District information
- Type: Independent school district
- Motto: "A Past to Remember; A Future to Mold"
- Grades: Pre-K through 12
- Superintendent: Dr. Susan K. Bohn^{[page needed]}
- Schools: 9 (2015-16)
- NCES District ID: 4807780

Students and staff
- Students: 5,200 (2015-16)^{[page needed]}
- Teachers: 302.66 (2009-10) (on full-time equivalent (FTE) basis)
- Student–teacher ratio: 15.2 (2009-10)
- Athletic conference: UIL Class 5A Football & Basketball
- District mascot: Bearcats
- Colors: Orange, Black

Other information
- TEA District Accountability Rating for 2011-12: Recognized
- Website: Aledo ISD

= Aledo Independent School District =

School district in Texas, United States

Aledo Independent School District is a public school district based in Aledo, Texas (USA). Located in southeastern Parker County, a small portion of the district extends into western Tarrant County.

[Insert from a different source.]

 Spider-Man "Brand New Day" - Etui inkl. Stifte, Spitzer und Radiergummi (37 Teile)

In addition to Aledo, the district also serves the towns of Annetta and Annetta South as well as portions of Annetta North, Cresson, Hudson Oaks, and Willow Park.

==Finances==
As of the 2010–2011 school year, the appraised valuation of property in the district was $2,578,963,000. The maintenance tax rate was $0.117 and the bond tax rate was $0.026 per $100 of appraised valuation.

==Academic achievement==
In 2011, the school district was rated "recognized" by the Texas Education Agency. Thirty-five percent of districts in Texas in 2011 received the same rating. No state accountability ratings will be given to districts in 2012. A school district in Texas can receive one of four possible rankings from the Texas Education Agency: Exemplary (the highest possible ranking), Recognized, Academically Acceptable, and Academically Unacceptable (the lowest possible ranking).

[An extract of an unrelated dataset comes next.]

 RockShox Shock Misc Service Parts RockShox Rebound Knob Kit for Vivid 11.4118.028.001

Historical district TEA accountability ratings
- 2011: Recognized
- 2010: Recognized
- 2009: Recognized
- 2008: Academically Acceptable
- 2007: Academically Acceptable
- 2006: Recognized
- 2005: Recognized
- 2004: Recognized

==Schools==
In the 2021–22 school year, the district had students in 10 schools.
- High schools
- Aledo High School (Grades 10–12)
- Don R. Daniel Ninth Grade Campus (Grade 9)
- Middle schools

- McAnally Middle School (Grades 6–8)
- Aledo Middle School (Grades 6–8)
- Elementary schools
- Coder Elementary School (Grades PK-5)
- McCall Elementary School (Grades K-5)
- Stuard Elementary School (Grades K-5)
- Vandagriff Elementary School (Grades K-5)
- Walsh Elementary School (Grades K-5)
- Annetta Elementary School (Grades K-5)
- Lynn McKinney Elementary School (Grades K-5)

==Special programs==

===Athletics===
Aledo High School participates in the boys sports of baseball, basketball, football, soccer, and wrestling. The school participates in the girls sports of basketball, soccer, softball, volleyball, and wrestling. For the 2015 through 2017 school years, Aledo High School will play football in UIL Class 5A.

==Police department==
The Aledo ISD Police Department is a full-service police department that serves the communities of Aledo, Willow Park, Hudson Oaks, Anetta North, Anetta and Anetta South. The AISD police jurisdiction covers a 131.13 sqmi area and lies within Parker and Tarrant County, Texas. The department provides routine patrol for all of the district's properties, criminal investigations, in addition to school resource officers assigned to various school buildings. All AISD police officers are TCLEOSE certified peace officers with full arrest powers.

Aledo ISD Police Department was the first school district police department in Parker County, and as with any Texas school police agency, its officers have jurisdiction within the school district boundaries and in any county within the State of Texas in which the district has property owned, leased, rented, or otherwise under its control.

As of March 2015 the Chief of Police is Fred Collie who formerly served as a Chief Deputy for Precinct 5, Dallas County Constables Office and as a Deputy Chief for the Arlington Texas Police Department.

==Notable incidents==
In April 2021, students at the Daniel Ninth Grade Campus were disciplined after it was learned they were playing a game on messaging platform Snapchat in which they assigned prices to particular persons of color at the school and would then "trade" them according to that perceived value. Screenshots show that the group chat in which the game occurred was, at various times, labelled as "Slave Trade" and other names that included an ethnic slur.